Exhibit 4.3
NUMBER (SEE REVERSE SIDE FOR LEGEND) WARRANTS
MHWF.OB THIS WARRANT WILL BE VOID IF NOT EXERCISED PRIOR TO
5:00 P.M. NEW YORK CITY TIME, , 2008
NAVIOS MARITIME HOLDINGS INC.
CUSIP __________
WARRANT
THIS CERTIFIES THAT, for value received
is the registered holder of a Warrant or Warrants expiring December 9, 2008 (the
"Warrant") to purchase one fully paid and non-assessable share of Common Stock,
par value $.0001 per share ("Shares"), of Navios Maritime Holdings Inc., a
Marshall Islands corporation (the "Company"), for each Warrant evidenced by this
Warrant Certificate. The Warrant entitles the holder thereof to purchase from
the Company, commencing on December 10, 2005, such number of Shares of the
Company at the price of $5.00 per share, upon surrender of this Warrant
Certificate and payment of the Warrant Price at the office or agency of the
Warrant Agent, Continental Stock Transfer & Trust Company (such payment to be
made by check made payable to the Warrant Agent), but only subject to the
conditions set forth herein and in the Warrant Agreement between the Company and
Continental Stock Transfer & Trust Company. The Warrant Agreement provides that
upon the occurrence of certain events the Warrant Price and the number of
Warrant Shares purchasable hereunder, set forth on the face hereof, may, subject
to certain conditions, be adjusted. The term Warrant Price as used in this
Warrant Certificate refers to the price per Share at which Shares may be
purchased at the time the Warrant is exercised.
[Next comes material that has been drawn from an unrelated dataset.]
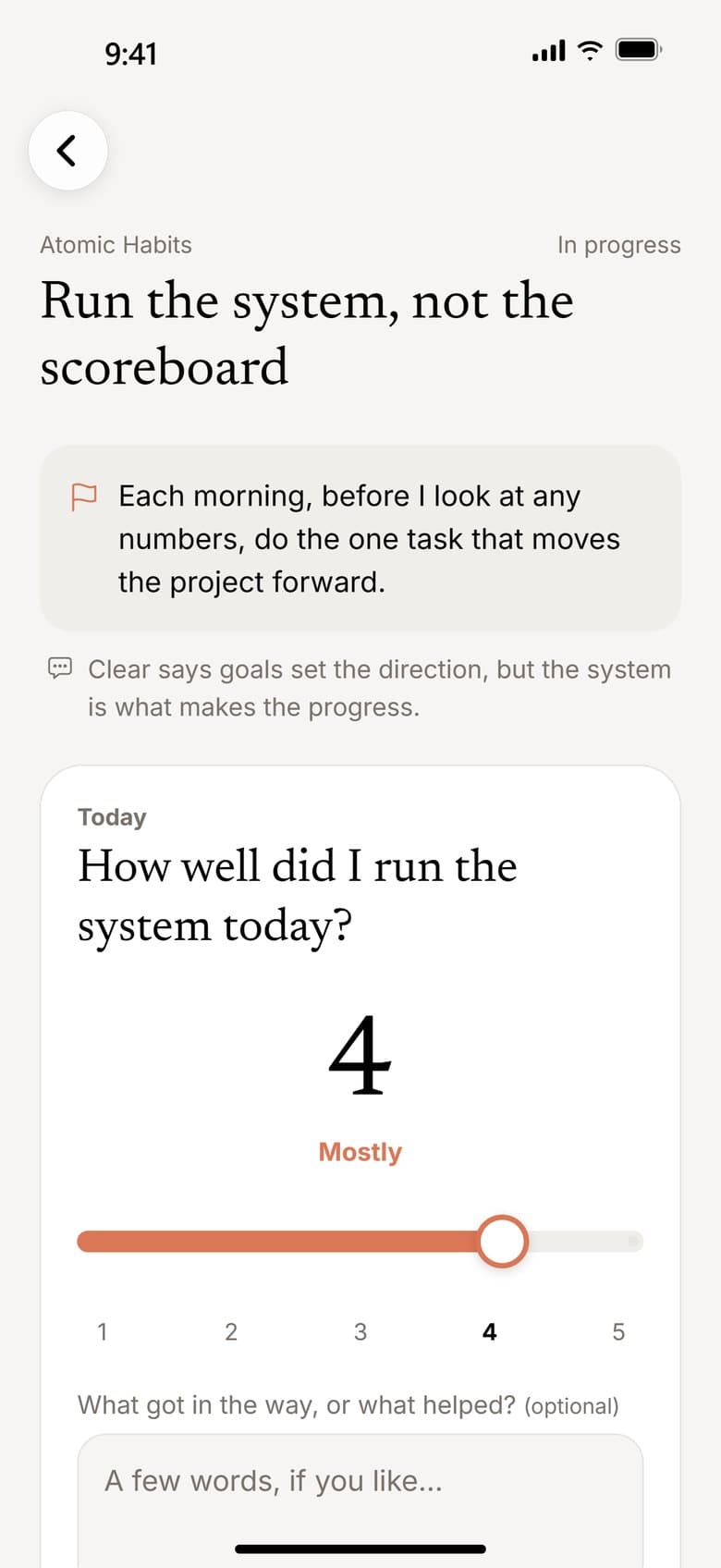 An idea in Memorandum: the plan, Memo's reason for it, and today's check-in answered on the scale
No fraction of a Share will be issued upon any exercise of a Warrant. If the
holder of a Warrant would be entitled to receive a fraction of a Share upon any
exercise of a Warrant, the Company shall, upon such exercise, round up to the
nearest whole number the number of Shares to be issued to such holder.
Upon any exercise of the Warrant for less than the total number of full Shares
provided for herein, there shall be issued to the registered holder hereof or
his assignee a new Warrant Certificate covering the number of Shares for which
the Warrant has not been exercised.
Warrant Certificates, when surrendered at the office or agency of the Warrant
Agent by the registered holder hereof in person or by attorney duly authorized
in writing, may be exchanged in the manner and subject to the limitations
provided in the Warrant Agreement, but without payment of any service charge,
for another Warrant Certificate or Warrant Certificates of like tenor and
evidencing in the aggregate a like number of Warrants.
Upon due presentment for registration of transfer of the Warrant Certificate at
the office or agency of the Warrant Agent, a new Warrant Certificate or Warrant
Certificates of like tenor and evidencing in the aggregate a like number of
Warrants shall be issued to the transferee in exchange for this Warrant
Certificate, subject to the limitations provided in the Warrant Agreement,
without charge except for any applicable tax or other governmental charge.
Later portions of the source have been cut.